Christmas Day, in a light, almost-a-cold-mist rain over a few inches of old snow, we took one of our favorite walks in Greensboro, on Nature Conservancy Land at Barr Hill. Flanked by old sugar maples, the path goes through former farm fields and among 19th century stone walls. So this walk feeds my desire for history and also for the cold rawness of today in our faces. We meet not a single soul, not even a crow.

At the top, the view is obscured by clouds, the lake with its summer pleasures of kayaking and swimming occluded by winter.

We may be at the edge of the world, but what does that mean anymore? In our family, we’ve had both wonderful and terrible Christmases. As we drive, we say, remember the time…?

On Christmas evening, we drive, my teenager at the wheel, in search of colored lights. I keep my own entirely adult cynicism to myself, my snarky thoughts about the crumbling American Empire and how long will the boondoggle of electricity keep flowing for us. Instead, I tease my oldest daughter about her headlights. Are the headlights even on? I ask.

In my book interviews, this fall and winter, I’ve repeated over and over, that, by happenstance, each of us arrive in a time and place.
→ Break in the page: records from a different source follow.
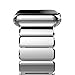 Oittm Watch Band for Apple Watch Series 4, 44mm/42mm Stainless Steel Replacement Strap Link Bracelet Metal iWatch Band with Double Button Folding Clasp for Apple Watch 4/3/2/1 44mm/42m (Bright Sliver)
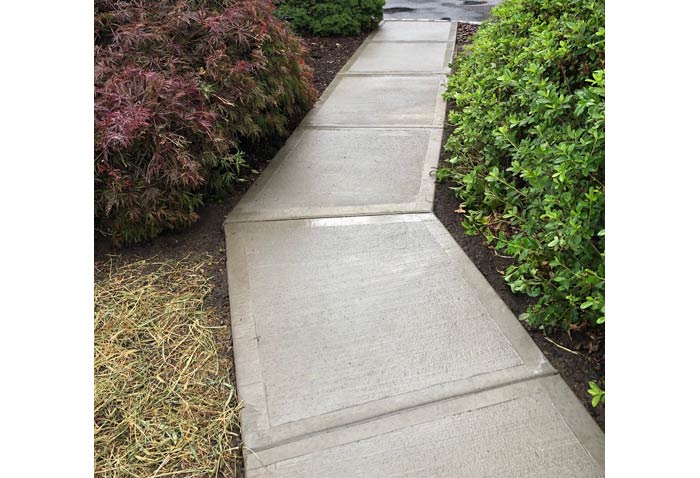 concrete sidewalk by NJ contractor Gio Masonry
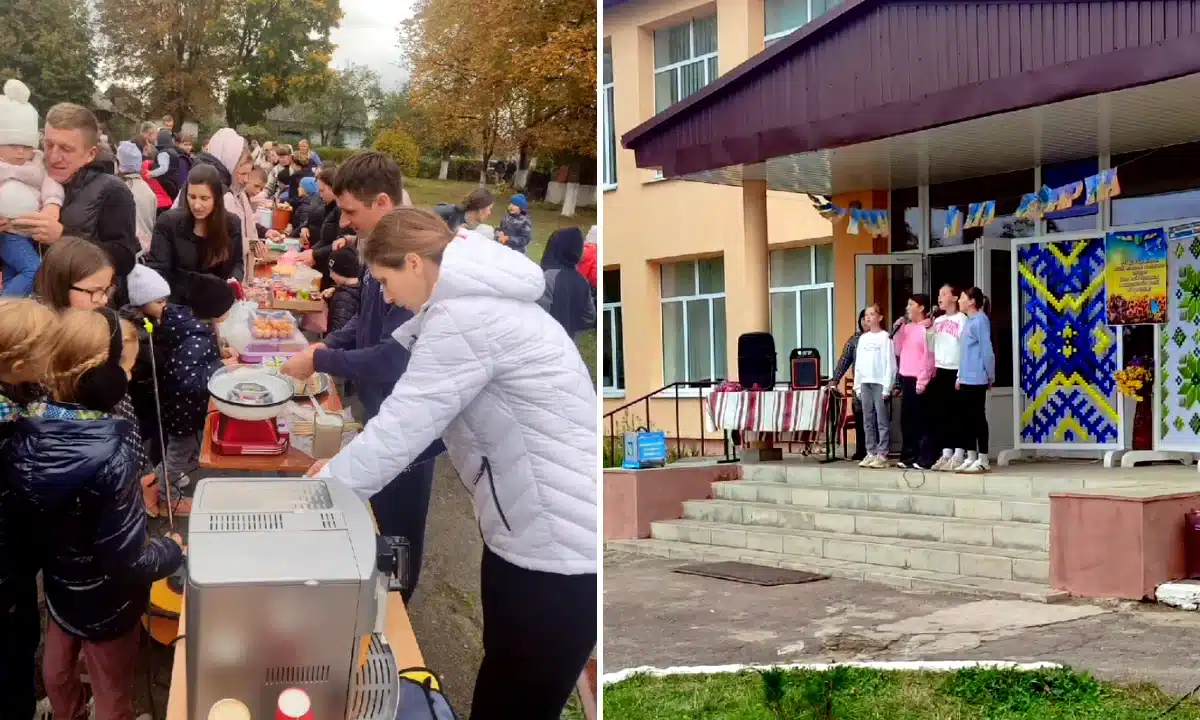 У Звіздівці відбувся благодійний ярмарок та вручення ордена родині загиблого Героя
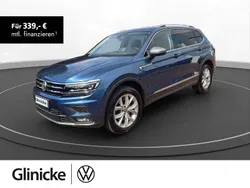 Blau Gebraucht 2021 VW Tiguan Allspace Highline SUV | 35.970 € (Guter Preis)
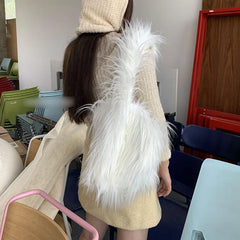 Women Shoulder Bag Hairy Purse Shopping Bag 01-SB-kammyx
The few us walk a downtown street, beneath glowing lights. We pass a gleaming white BMW, its engine running, no sign of a driver. A little further, I stop and read a sign at a creche, acknowledging the small figurines are on unceded Abenaki land.

The rain keeps falling in little bits. The youngest navigates us home, through mist and darkness, despite the poor headlights.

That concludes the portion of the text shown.